Model Fallback

LLM endpoints fail. Rate limits, model outages, context-overflow errors, and content filters all surface as request errors that would otherwise stall an agent loop. Model fallback lets you pass a ranked list of models in a single request — Routeplane walks the list until one succeeds, then returns that response.

This is a body-level extension to the OpenAI, Anthropic, and Google protocol surfaces. No SDK required — set one field.

Quick example

curl http://127.0.0.1:4356/v1/chat/completions \
  -H "Content-Type: application/json" \
  -d '{
    "model": "openai/gpt-4o",
    "models": [
      "openai/gpt-4o",
      "anthropic/claude-sonnet-4-6",
      "google/gemini-2.5-pro"
    ],
    "messages": [{"role": "user", "content": "Summarize the Iliad in one sentence."}]
  }'

The model field stays the primary for billing and routing semantics. The models array overrides it as an ordered preference list — first one that returns successfully wins.

**You can omit `model` entirely when `models` is set.** If both are present, the first entry of `models` is the primary and `model` is ignored. We recommend always passing `model` so error logs in your app stay readable.

What triggers a fallback

Routeplane falls through to the next model on errors that are upstream-side and likely transient, and surfaces 4xx errors caused by your request directly to the caller.

Outcome	Signal	Behavior
Rate limited	`429`	Fall through
Server error	`5xx`	Fall through
Timeout / connection drop	`408`, network error	Fall through
Context window exceeded	provider-specific code	Fall through
Content filter / refusal	provider-specific code	Fall through
Mid-stream failure (no tokens emitted)	stream aborted before first token	Fall through
Mid-stream failure (after first token)	stream aborted mid-response	Surfaced — partial output already sent
Authentication error	`401`	Surfaced
Forbidden / quota exhausted	`402`, `403`	Surfaced
Validation / bad request	`400`, `422`	Surfaced
Explicit cancel	client disconnect	Surfaced

Fallback is single-pass. Routeplane attempts each model at most once per request, in order. There is no exponential backoff between attempts — the assumption is that you’d rather retry on a different model immediately than wait on a failing one.

**Fallback runs per request, not per token.** If a stream succeeds on model A and disconnects after token 50, Routeplane does not silently restart on model B — that would emit a discontinuous response.
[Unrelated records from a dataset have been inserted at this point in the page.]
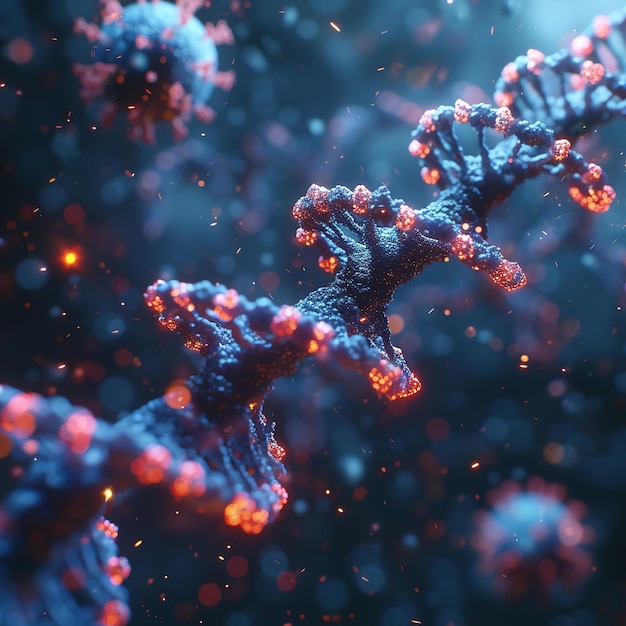 Gratis foto 3D medische achtergrond met viruscellen en DNA-strengen
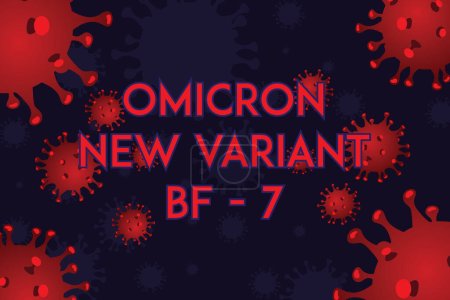 Téléchargez les illustrations : Corona virus omicron nouvelle variante bf 7 en 2023 sensibilisation vectoriel affiche design - en licence libre de droit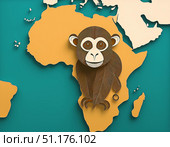 Monkeypox virus infection prevalence on the African continent, smallpox, rash, emphasizing the role of primates in transmission and regional outbreaks. Other definitions - mpox, mpxv, mpx. Стоковое AI-изображение, AI-художник Андрей Ка / Фотобанк Лори
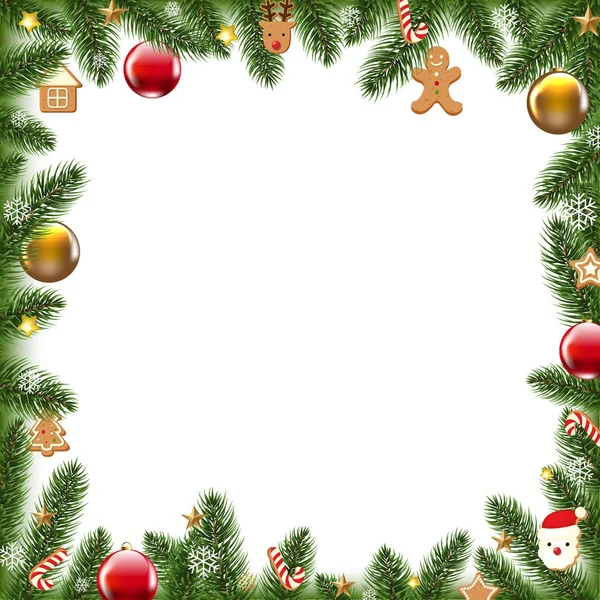 Frontera de Navidad con árbol de piel — Archivo Imágenes Vectoriales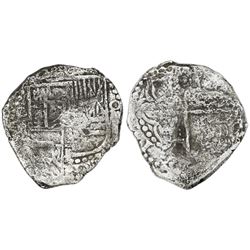 Potosi, Bolivia, cob 4 reales, Philip III, assayer not visible, Grade 3.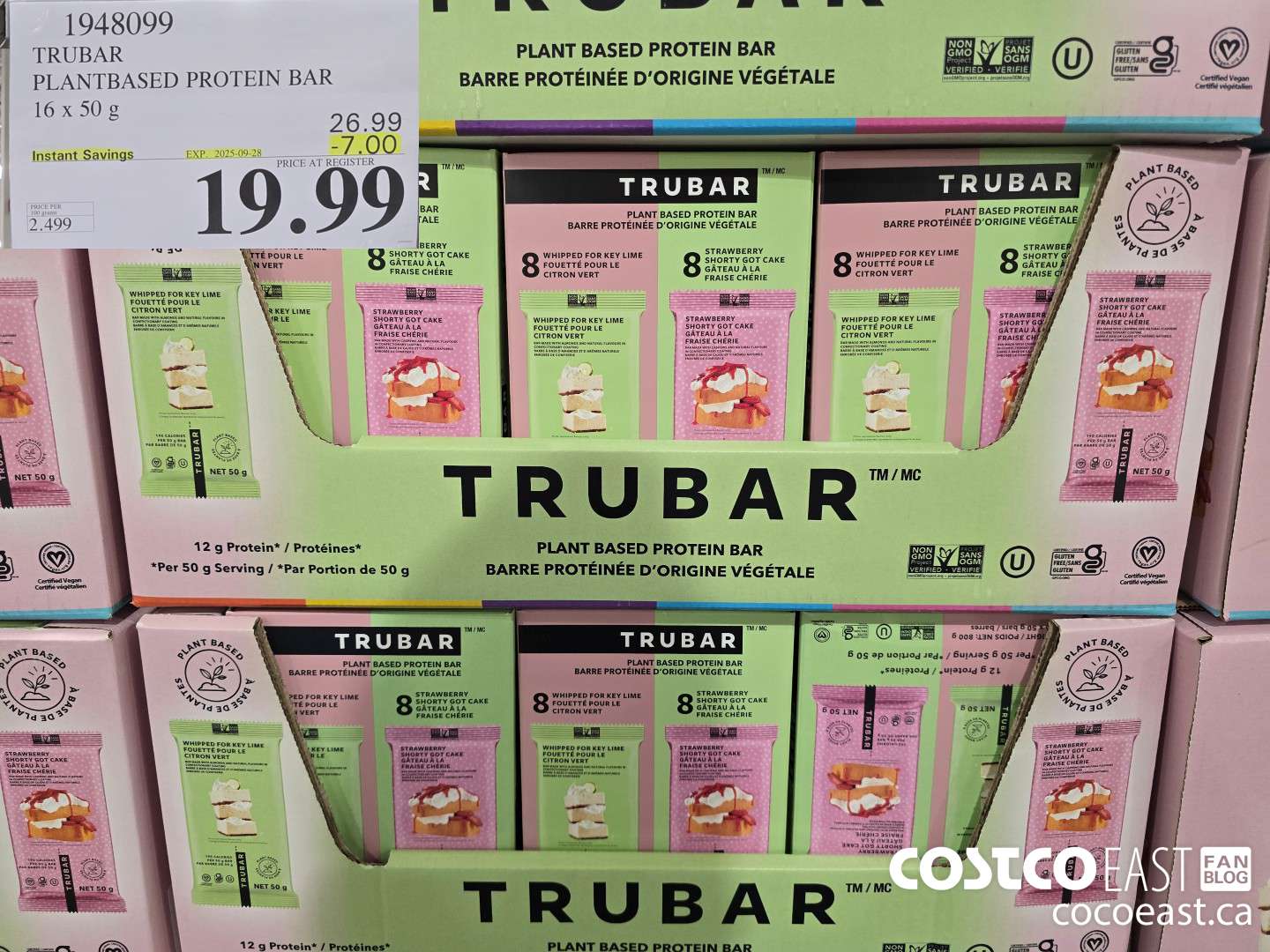 1948099 TRUBAR PROTEIN BAR 16 X 50g ($7.00 INSTANT SAVINGS EXPIRES ON 2025-09-28) $19.99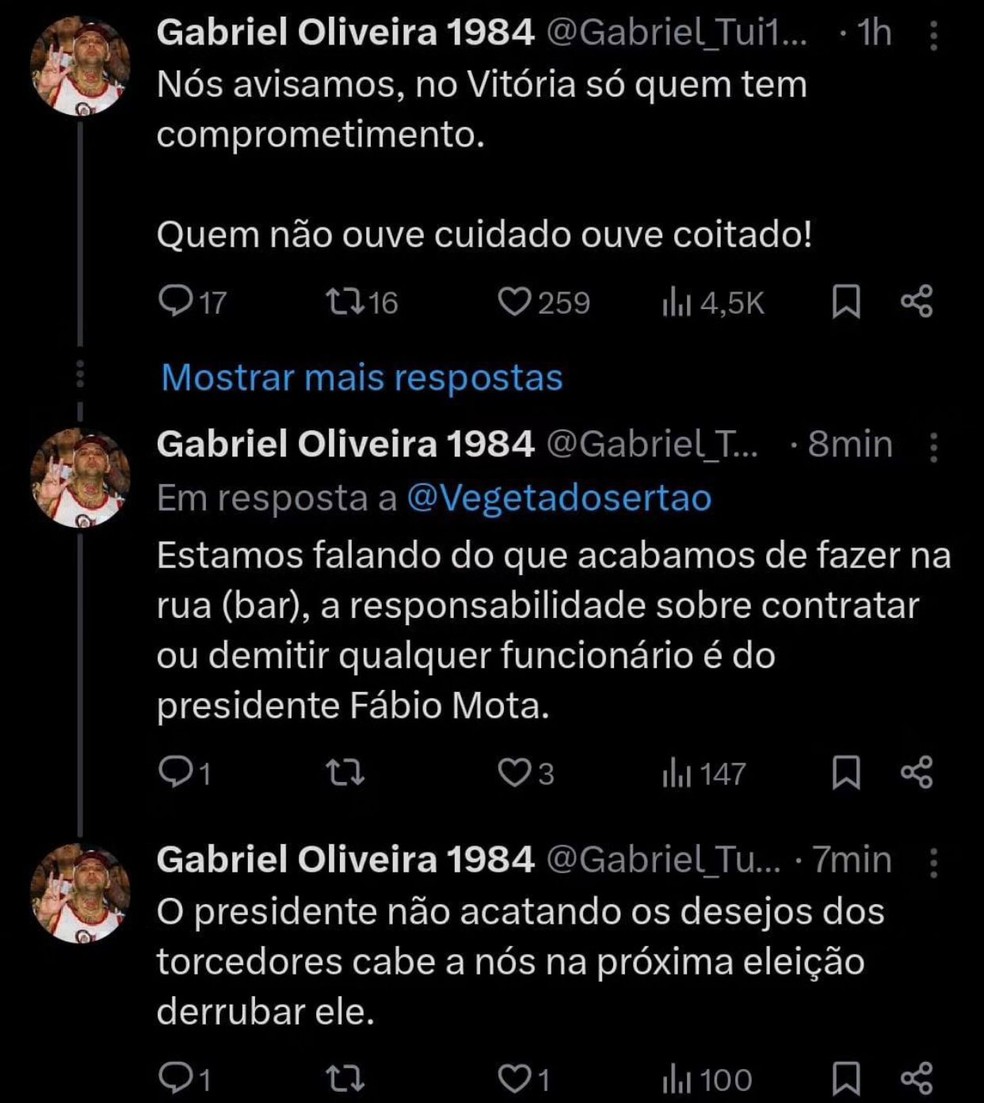 Publicações do presidente da TUI viralizaram nas redes sociais. — Foto: Reprodução/Redes Sociais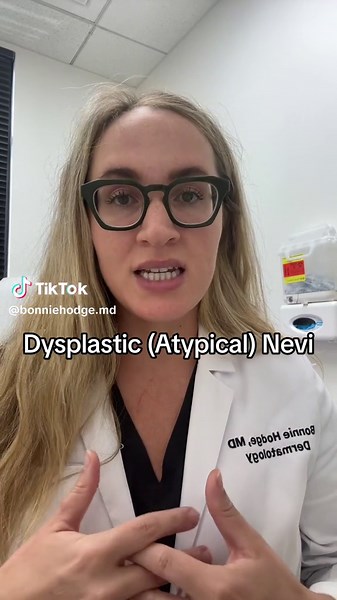 Dysplastic (or atypical) nevi. I diagnose these all the time and have this same conversation almost daily. Happy to help answer questions. This confused dermatologists for many decades, so it can certainly be confusing for patients. #atypicalnevus #atypical #nevus #dysplastic #nevus #moles #skin #skincancer #dermatologist #melanoma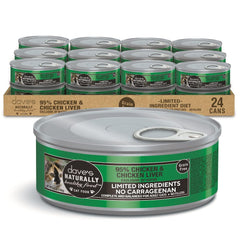 Dave's Pet Food grain-free wet cat food can shows 95% meat for protein-rich meals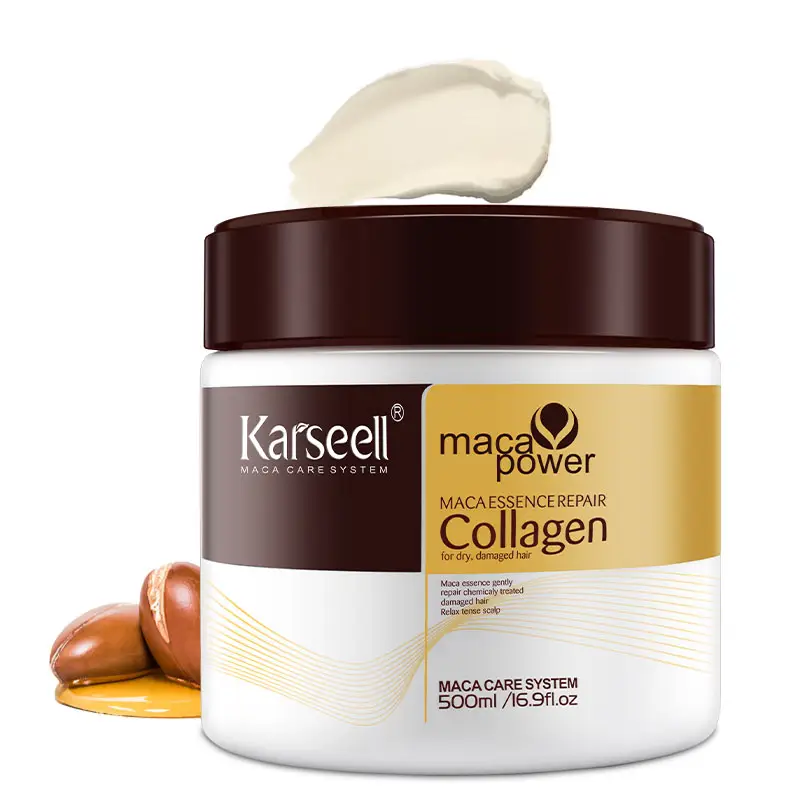 Karseell Bio Protein Natural Herbal Colágeno Queratina Reparação Natural Óleo De Argan Queratina Tratamento Creme De Cabelo
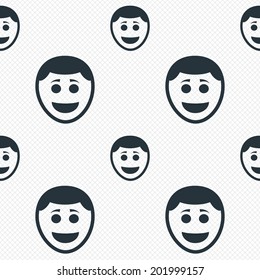 Smile face sign icon. Happy smiley with hairstyle chat symbol. Seamless grid lines texture. Cells repeating pattern. White texture background. Vector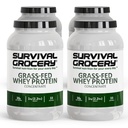 Survival Grocery® Grass-Fed Whey Protein Concentrate | Unflavored, Clean & Pure Protein Powder with Minimal Lactose & Fat | Gluten-Free | Includes Scoop for Easy Serving (4 kg./ 4 Jugs, Unflavored)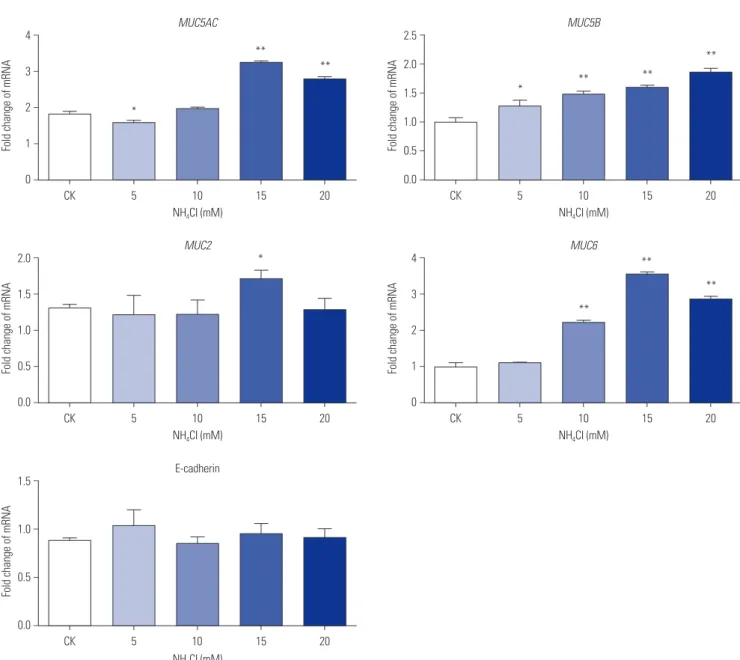 Fig. 7. qPCR analysis of mRNA expression of mucins in CagA-transfected AGS cells treated with different NH 4 + concentrations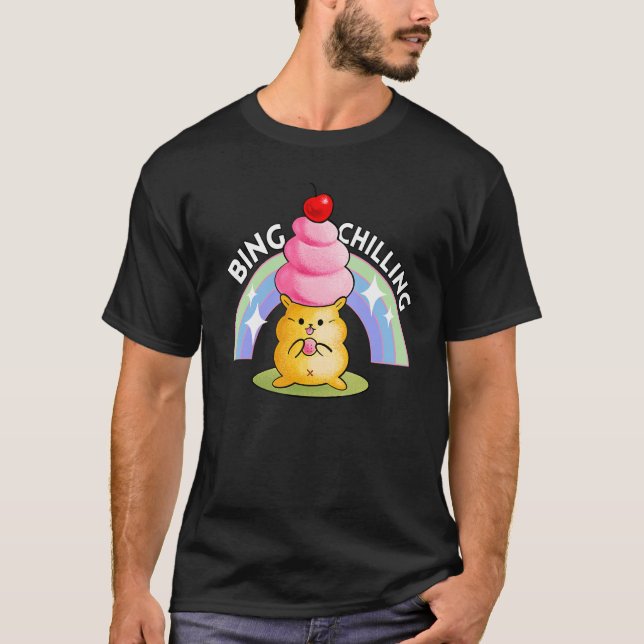 T-shirt Bing Chilling Glace Crème Hamster Mème Dank Viral  (Devant)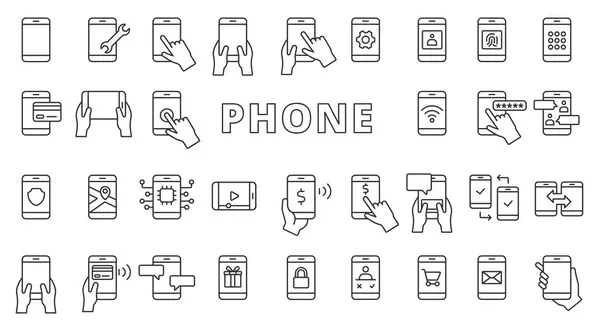 Teléfono Diseño Línea Conjunto Iconos Mano Smartphone Teléfono Icono Del — Archivo Imágenes Vectoriales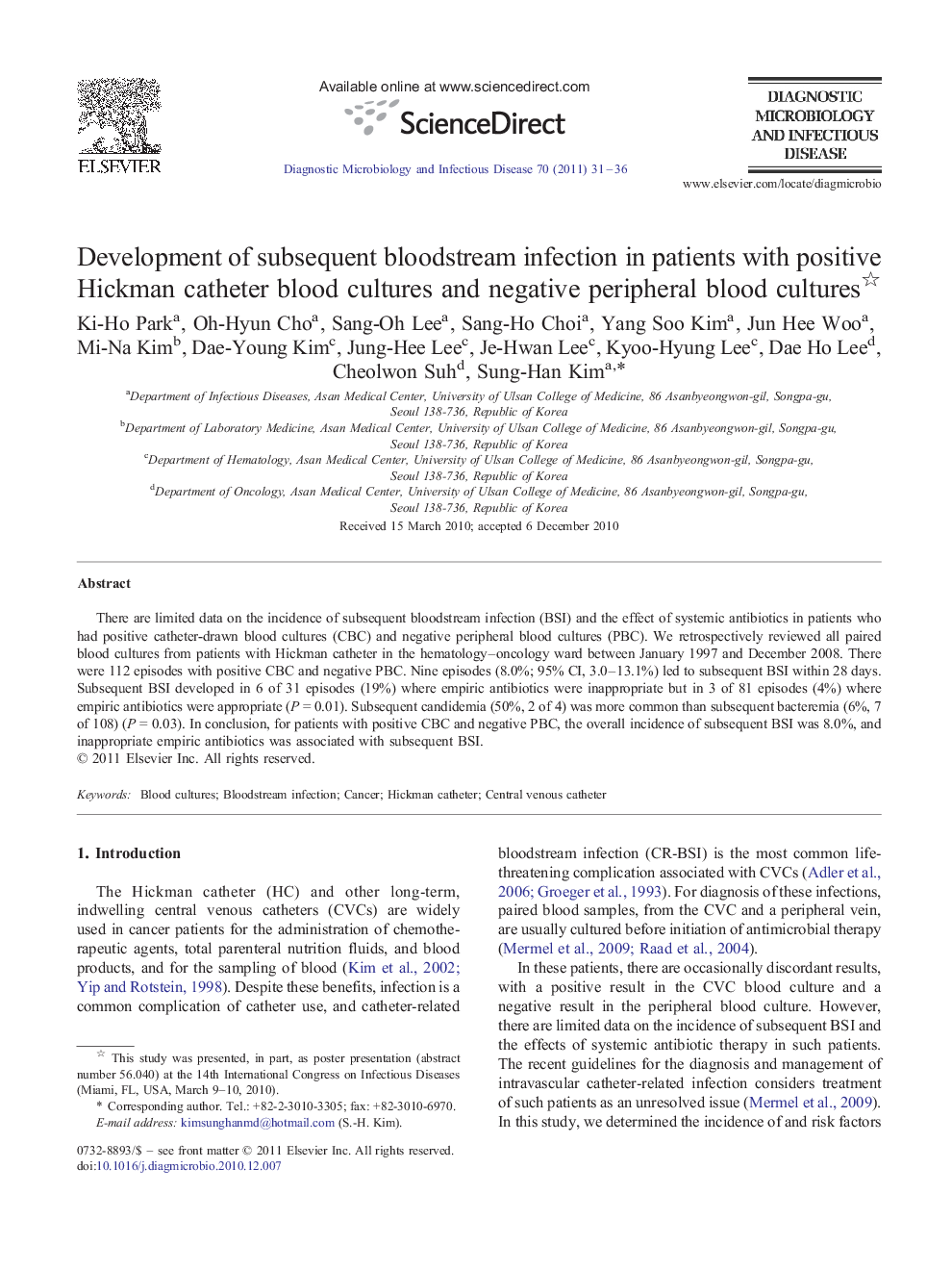 Development of subsequent bloodstream infection in patients with positive Hickman catheter blood cultures and negative peripheral blood cultures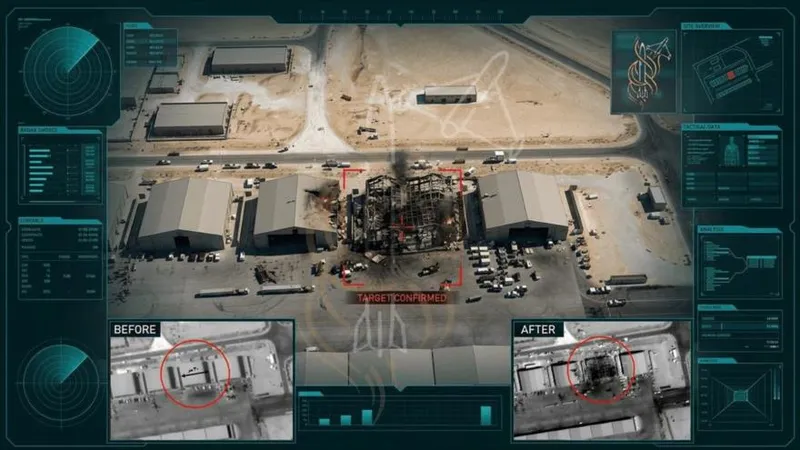 Imágenes muestran destrucción de hangar de cazas de EEUU tras ataque iraní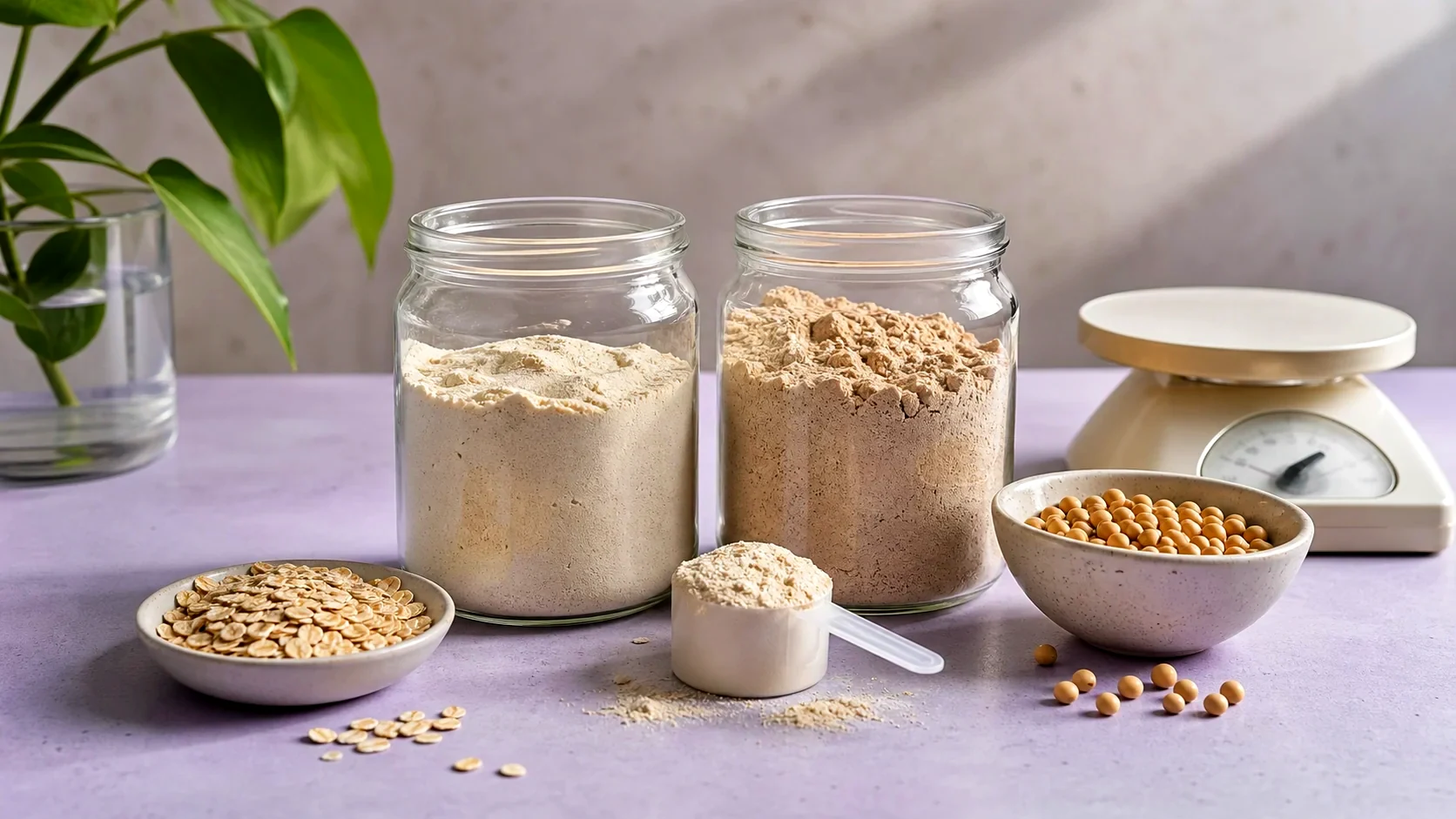 Unbranded protein powder scoop, oats, beans and a kitchen scale on a lavender table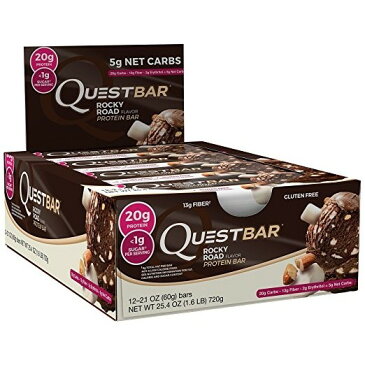 ★送料無料★クエストニュートリション プロテインバー ロッキーロード 60g 12本入り【Quest Nutrition】Quest Protein Bar Rocky Road 60g 12pcs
Wrap fallback at the request boundary; checkpoint and resume in your agent for stream-level resilience.

Inspecting which model answered

Three breadcrumbs:

Response body model field — set to the model that actually generated the response, not the one you requested first. (OpenAI convention.)
Response header routeplane-served-by — <provider-id>/<model-id>, e.g. anthropic-direct/anthropic/claude-sonnet-4-6.
Response header routeplane-fallback-trace — comma-separated list of attempts and outcomes, e.g. openai/gpt-4o:rate_limit,anthropic/claude-sonnet-4-6:served. Only emitted when at least one fallback fired.

Cost and latency tradeoffs

Each fallback attempt is a fresh upstream request. Practical advice:

Lowest expected cost: order by cheapest first, accept higher tail latency under load.
Lowest expected latency: order by most reliable first, accept higher per-token cost.
For long-running agent loops: bias toward reliability. The cost of a stalled loop is much higher than the marginal cost difference between two frontier models.

For declarative cost or latency optimization across providers of a single model, see Provider Selection. Fallback and provider selection compose: Routeplane picks the best provider for each model in your models array, falling through to the next model only after the chosen provider for the current one has exhausted its retry budget.

Anthropic and Google surfaces

The models field works identically on /v1/messages (Anthropic Messages) and /v1beta/models/{model}:generateContent (Google Generative AI). On Anthropic, the field is read alongside the existing model field; on Google, Routeplane accepts it as an extension to the request body — the upstream :generateContent path is rewritten per attempt.

Limits

Maximum 8 entries in models.
Each model ID must resolve to a registered model in the registry. Unknown IDs return 400 before any upstream attempt.
Streaming is supported. The first model that begins emitting tokens wins; later models are not attempted even if the stream fails after the first token.